# Bangkok to Ayuthaya and Chiang Mai



## ValHam (Oct 5, 2011)

Would it be best to go to Ayuttaya for a day trip from BangKok?  I also want to go to Chiang Mai - could take the train from Bangkok or go back to Bangkok from Ayuttaya and fly to Chiang Mai - Thanks


----------



## MALC9990 (Oct 12, 2011)

ValHam said:


> Would it be best to go to Ayuttaya for a day trip from BangKok?  I also want to go to Chiang Mai - could take the train from Bangkok or go back to Bangkok from Ayuttaya and fly to Chiang Mai - Thanks



For Ayuttaya from Bangkok, a day trip by bus and boat is a good option. Will be a longish day but certainly doable. Lots of tours available from Bangkok. However presently Thailand is suffering from major flooding and this area is badly affected.

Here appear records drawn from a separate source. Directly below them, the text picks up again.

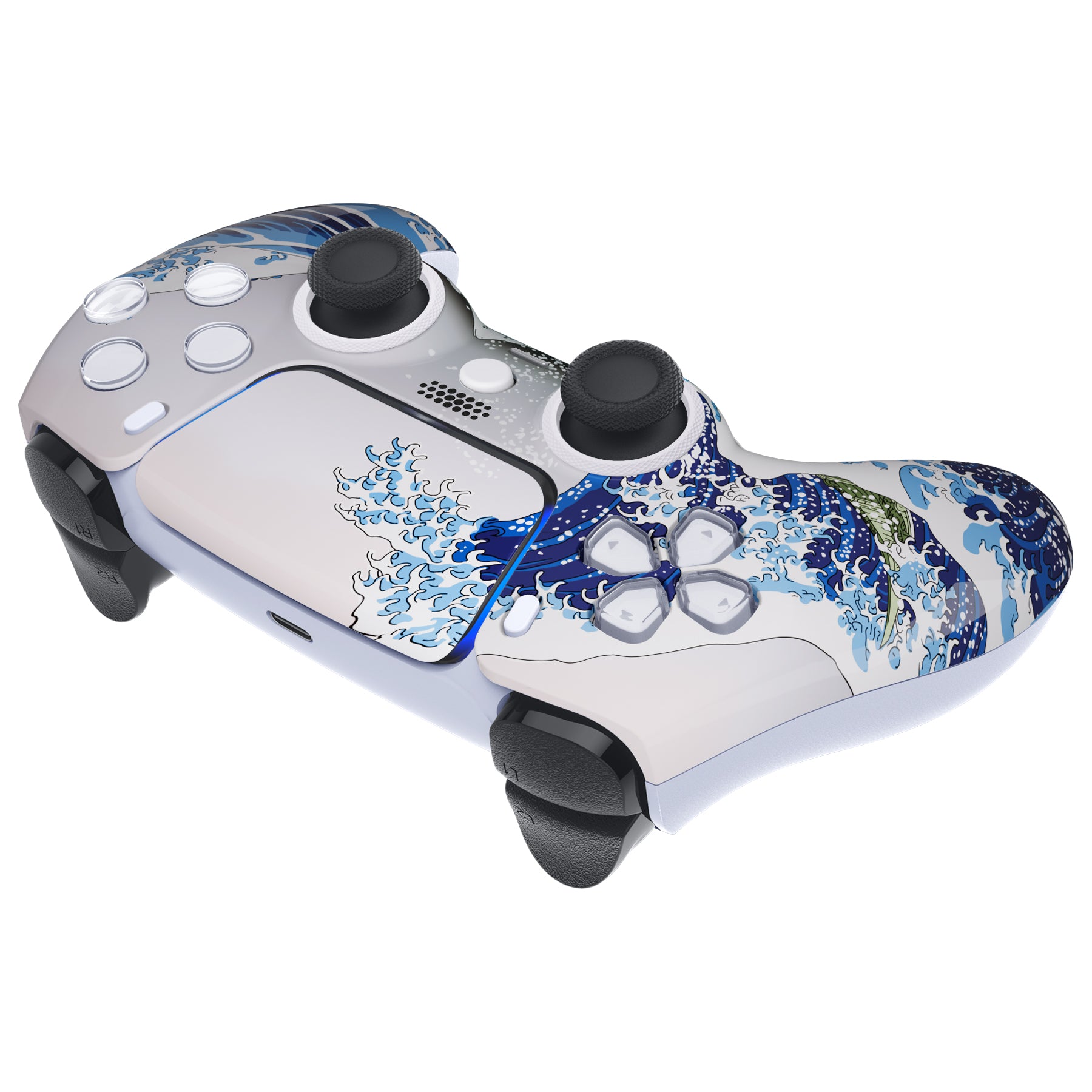 eXtremeRate LUNA Redesigned Front Shell with Touchpad for PS5 Controller BDM-010/020/030/040/050 - The Great Wave Design - GHPFT004 - Perfect for Gaming Enthusiasts & Custom Controller Builders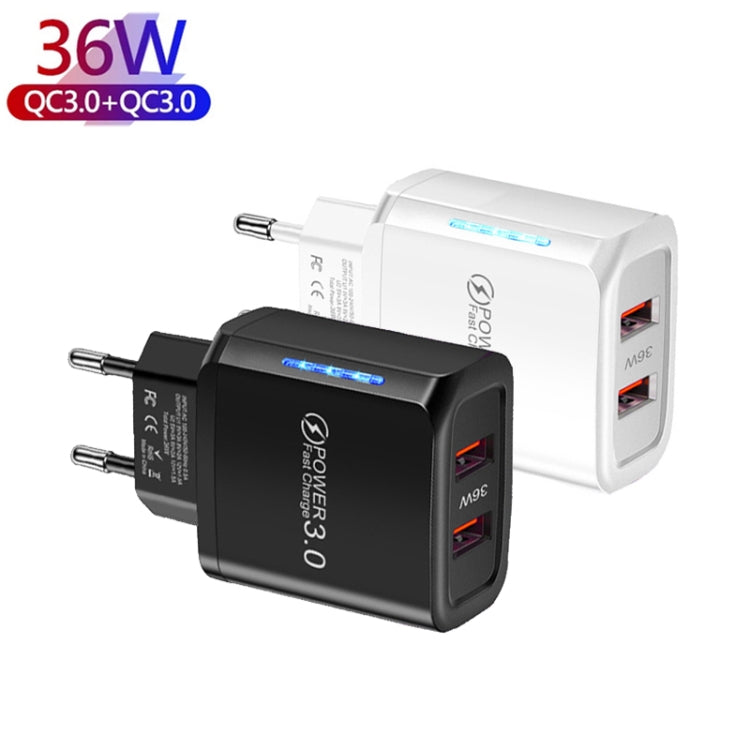 36W Dual Port QC3.0 USB Mobile Phone Charger Dual 18W Output, EU Plug(Black) - Apple Accessories by buy2fix | Online Shopping UK | buy2fix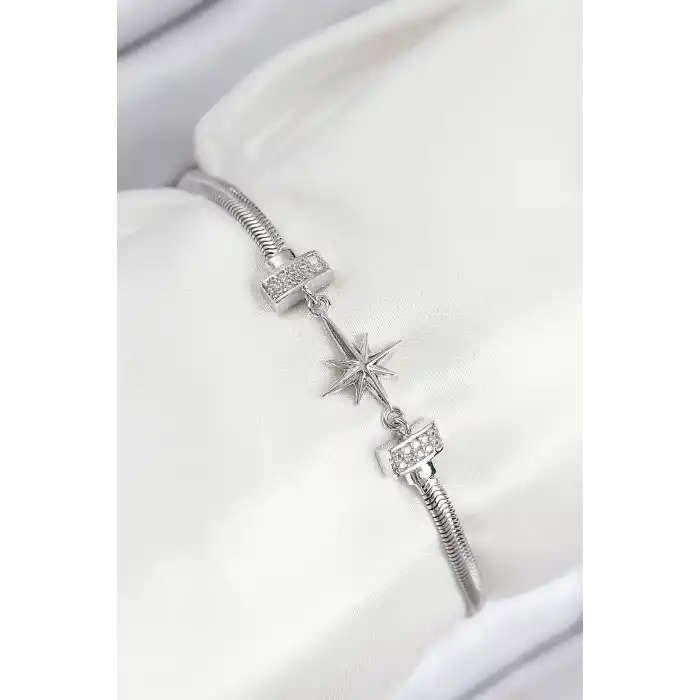 Pirinç Zirkon Taşlı Kutup Yıldızı Model Gümüş Renk Kadın Bileklik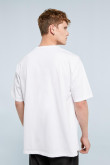 Camiseta oversize manga corta unicolor con bolsillo y cuello redondo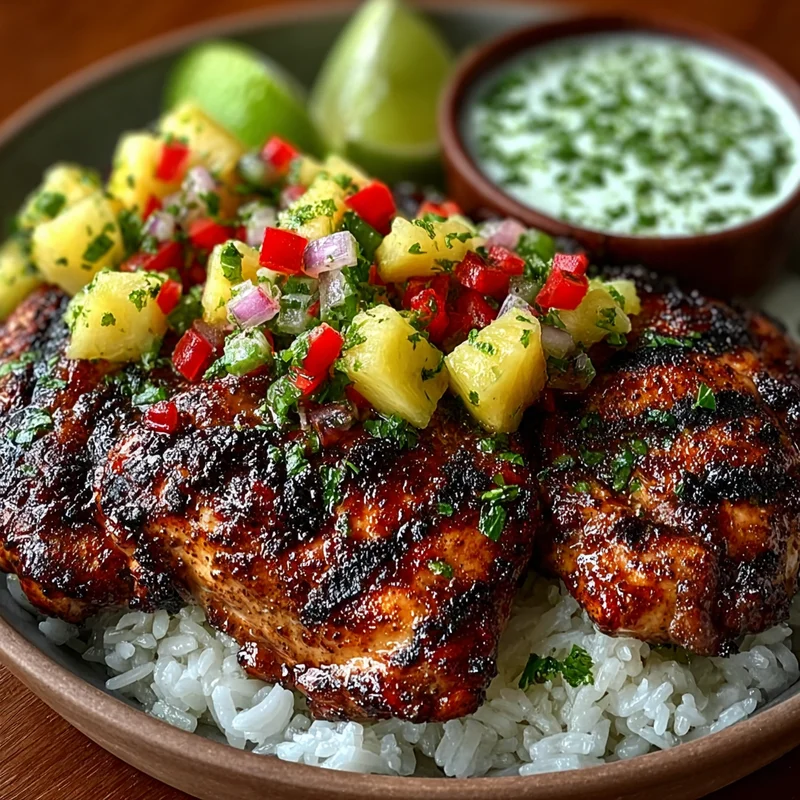 Caribbean-Style Jerk Chicken with Pineapple Salsa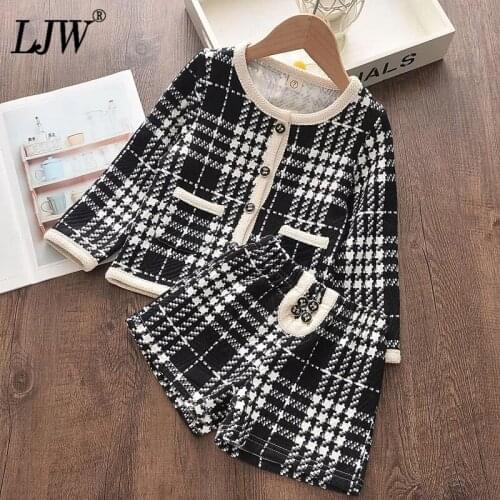 Baby girl childrens plaid top and skirt small fragrance temperament suit hot girl baby clothing two-piece skirt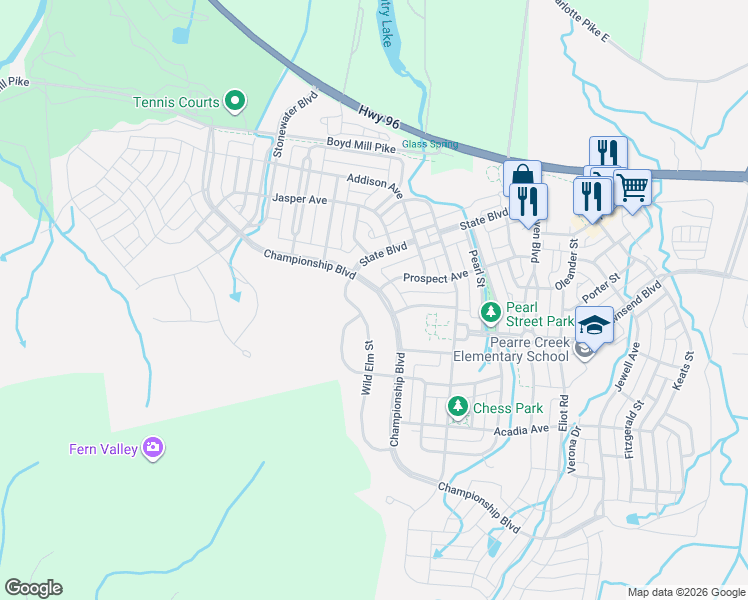 map of restaurants, bars, coffee shops, grocery stores, and more near 1627 Championship Boulevard in Franklin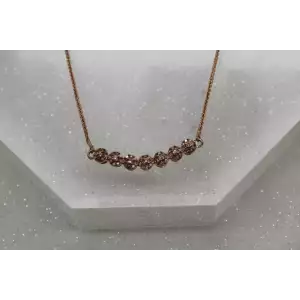 Signed STS Rose Gold over .925 S.S. DIAMOND FLORAL DESIGN BOLO bracelet 10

To Chiang Mai - best to fly - quick and reasonably inexpensive. My choice would be Thai Air since Air Asia is a low cost airline and will charge for all the extras like baggage. Their std checked in bag limit is 15 Kgs and their allowance for cabin bag is very very small. They will then charge a large amount for excess baggage. In the end I have found Thai Air to be only slightly more expensive.


----------